__Aim of the exercise__: Pictures aside, repeat the whole listing word for word.

__Information provided__:
+ + + +

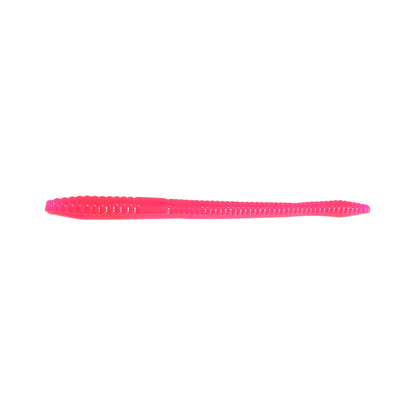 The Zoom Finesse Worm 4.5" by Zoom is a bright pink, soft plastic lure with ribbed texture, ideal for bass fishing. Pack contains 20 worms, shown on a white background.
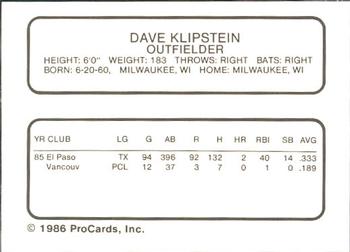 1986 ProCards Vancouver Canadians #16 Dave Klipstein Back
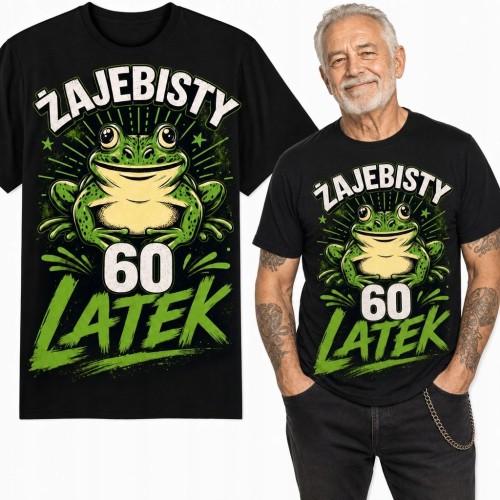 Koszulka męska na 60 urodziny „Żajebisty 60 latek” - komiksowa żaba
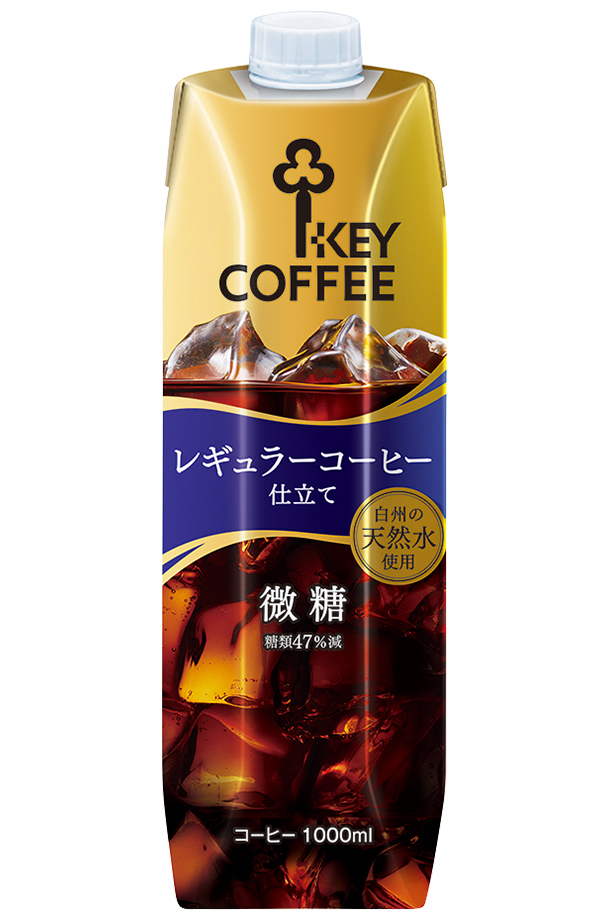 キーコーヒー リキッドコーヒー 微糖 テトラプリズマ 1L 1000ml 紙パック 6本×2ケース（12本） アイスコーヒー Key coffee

+ + + +

__Response__:
 The Zoom Finesse Worm 4.5" by Zoom is a bright pink, soft plastic lure with ribbed texture, ideal for bass fishing. Pack contains 20 worms, shown on a white background.
 1986 ProCards Vancouver Canadians #16 Dave Klipstein Back
 Koszulka męska na 60 urodziny „Żajebisty 60 latek” - komiksowa żaba
 キーコーヒー リキッドコーヒー 微糖 テトラプリズマ 1L 1000ml 紙パック 6本×2ケース（12本） アイスコーヒー Key coffee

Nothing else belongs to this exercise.